Существовала традиция изображать Люцифера трехголовым, как ужасную пародию на Святую троицу: скульптура XII в. в храме святого Василия в Этампе изображают его с тремя головами, каждая из которых пожирает по человеку; немного позднее так же изобразил Люцифера и Данте Алигьери, только грызущие головы Люцифера стали истязать конкретных персон: Иуду Искариота, Брута и Кассия (губителей, убийц и предателей). На миниатюре XIV в. к тексту «Божественной комедии» Люцифер, собранный из разных частей животных и птиц, сам горит и, в то же время, испепеляет. Add MS. 19587, f. 58r. British Library, London.
Ад – это другие
О картинках адских мук сообщают герои (святые или грешники), совершившие путешествие в долину скорби, или души умерших грешников, которым удалось вступить в контакт с живыми людьми. Эти сообщения так или иначе рассказывают о других, тёмных сущностях, отказавшихся от жизни в пользу зла и мрака.

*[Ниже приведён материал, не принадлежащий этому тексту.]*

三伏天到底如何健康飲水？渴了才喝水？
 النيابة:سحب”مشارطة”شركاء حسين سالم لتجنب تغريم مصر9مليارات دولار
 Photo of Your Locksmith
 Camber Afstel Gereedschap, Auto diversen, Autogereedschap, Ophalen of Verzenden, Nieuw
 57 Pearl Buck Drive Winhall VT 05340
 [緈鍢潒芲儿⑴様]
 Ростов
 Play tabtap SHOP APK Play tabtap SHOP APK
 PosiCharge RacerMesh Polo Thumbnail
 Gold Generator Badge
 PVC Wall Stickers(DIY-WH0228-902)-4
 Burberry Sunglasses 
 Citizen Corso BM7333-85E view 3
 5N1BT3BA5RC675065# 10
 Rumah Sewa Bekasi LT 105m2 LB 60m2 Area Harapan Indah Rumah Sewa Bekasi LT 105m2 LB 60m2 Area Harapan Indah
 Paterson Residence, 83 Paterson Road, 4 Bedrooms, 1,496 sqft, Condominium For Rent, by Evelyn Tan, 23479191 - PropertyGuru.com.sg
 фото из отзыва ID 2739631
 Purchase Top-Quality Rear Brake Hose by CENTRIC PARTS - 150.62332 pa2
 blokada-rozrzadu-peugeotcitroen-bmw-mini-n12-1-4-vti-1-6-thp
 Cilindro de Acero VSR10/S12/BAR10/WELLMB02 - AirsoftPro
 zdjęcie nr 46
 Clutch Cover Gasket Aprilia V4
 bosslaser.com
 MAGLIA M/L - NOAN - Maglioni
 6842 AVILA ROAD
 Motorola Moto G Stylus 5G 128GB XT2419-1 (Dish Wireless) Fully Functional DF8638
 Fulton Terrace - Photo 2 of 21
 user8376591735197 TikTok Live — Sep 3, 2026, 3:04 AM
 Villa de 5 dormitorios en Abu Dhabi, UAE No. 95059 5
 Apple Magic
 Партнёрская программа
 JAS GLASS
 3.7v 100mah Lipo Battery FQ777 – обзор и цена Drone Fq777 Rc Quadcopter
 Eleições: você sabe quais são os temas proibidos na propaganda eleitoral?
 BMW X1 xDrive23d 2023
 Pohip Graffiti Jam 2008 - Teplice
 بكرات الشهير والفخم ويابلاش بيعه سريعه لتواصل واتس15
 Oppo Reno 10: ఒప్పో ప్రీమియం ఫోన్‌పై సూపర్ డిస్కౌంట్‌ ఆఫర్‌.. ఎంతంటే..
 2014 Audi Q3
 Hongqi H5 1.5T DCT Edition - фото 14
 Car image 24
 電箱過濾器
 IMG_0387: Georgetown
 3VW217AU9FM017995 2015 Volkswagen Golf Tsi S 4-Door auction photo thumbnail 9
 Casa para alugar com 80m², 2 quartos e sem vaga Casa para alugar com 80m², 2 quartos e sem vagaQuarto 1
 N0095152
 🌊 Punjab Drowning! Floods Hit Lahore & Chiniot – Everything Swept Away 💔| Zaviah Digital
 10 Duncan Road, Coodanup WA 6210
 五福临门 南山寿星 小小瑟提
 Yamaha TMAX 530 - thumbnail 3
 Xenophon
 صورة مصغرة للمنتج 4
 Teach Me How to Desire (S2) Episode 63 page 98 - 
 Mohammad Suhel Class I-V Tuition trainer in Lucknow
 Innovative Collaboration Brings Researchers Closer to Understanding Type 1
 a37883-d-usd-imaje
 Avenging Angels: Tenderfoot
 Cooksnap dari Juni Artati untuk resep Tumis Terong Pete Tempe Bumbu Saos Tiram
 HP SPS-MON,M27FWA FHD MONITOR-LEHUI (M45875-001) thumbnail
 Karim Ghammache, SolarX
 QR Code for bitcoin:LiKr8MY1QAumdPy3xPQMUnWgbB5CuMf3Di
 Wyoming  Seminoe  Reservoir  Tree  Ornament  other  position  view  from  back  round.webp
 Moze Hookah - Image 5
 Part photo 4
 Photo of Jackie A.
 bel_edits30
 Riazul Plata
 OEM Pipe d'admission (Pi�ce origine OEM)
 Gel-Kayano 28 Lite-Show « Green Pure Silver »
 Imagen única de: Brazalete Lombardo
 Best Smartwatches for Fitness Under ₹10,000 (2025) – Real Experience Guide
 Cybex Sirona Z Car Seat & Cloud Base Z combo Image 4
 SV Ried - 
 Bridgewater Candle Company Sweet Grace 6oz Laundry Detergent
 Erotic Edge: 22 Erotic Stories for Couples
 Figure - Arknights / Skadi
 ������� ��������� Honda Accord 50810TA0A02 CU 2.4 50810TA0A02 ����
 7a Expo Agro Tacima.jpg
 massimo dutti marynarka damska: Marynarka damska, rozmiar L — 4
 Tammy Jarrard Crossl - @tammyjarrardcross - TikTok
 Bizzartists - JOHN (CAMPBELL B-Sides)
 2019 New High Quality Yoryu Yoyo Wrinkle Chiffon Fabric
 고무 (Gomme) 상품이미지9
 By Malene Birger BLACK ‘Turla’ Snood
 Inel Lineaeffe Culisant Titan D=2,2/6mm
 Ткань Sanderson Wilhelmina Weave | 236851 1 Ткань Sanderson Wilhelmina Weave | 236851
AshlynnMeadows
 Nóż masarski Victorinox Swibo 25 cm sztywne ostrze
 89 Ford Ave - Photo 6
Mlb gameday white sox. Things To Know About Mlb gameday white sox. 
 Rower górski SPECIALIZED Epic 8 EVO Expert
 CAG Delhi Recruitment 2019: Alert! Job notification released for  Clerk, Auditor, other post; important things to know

По большому счёту, Люцифер и его когорта становятся для Средневековья радикально другими, чужими и чуждыми существами, отпавшими от божественного космоса (порядка), злыми маргиналами. Примечательно, сам образ Люцифера-дьявола, чертей и бесов формировался из черт, призванных показать инаковость и враждебность по отношению к человеку или христианскому сообществу. Поэтому олицетворения нечистых сил содержали, помимо звероподобия, определённые черты семитской расы, представители которой ассоциировались с иудаизмом или исламом – иными, чуждыми, враждебными христианству религиозно-идеологическими системами (корни европейской нетерпимости к «другим», не единожды оборачивавшейся гонениями, погромами, чертами оседлости, лагерями и т. п., следует искать в средневековых оппозициях «свой-чужой»). Босх достаточно часто награждает «представителей тьмы» характерными носами и смуглой кожей, облачая их в восточные наряды. Так природа иного, врага и нехристя (мусульманина, еврея, колдуна и т. д.) уравнивается со звериной. Иеронима же можно заподозрить в антисемитизме, что, впрочем, обычное дело для Средневековья.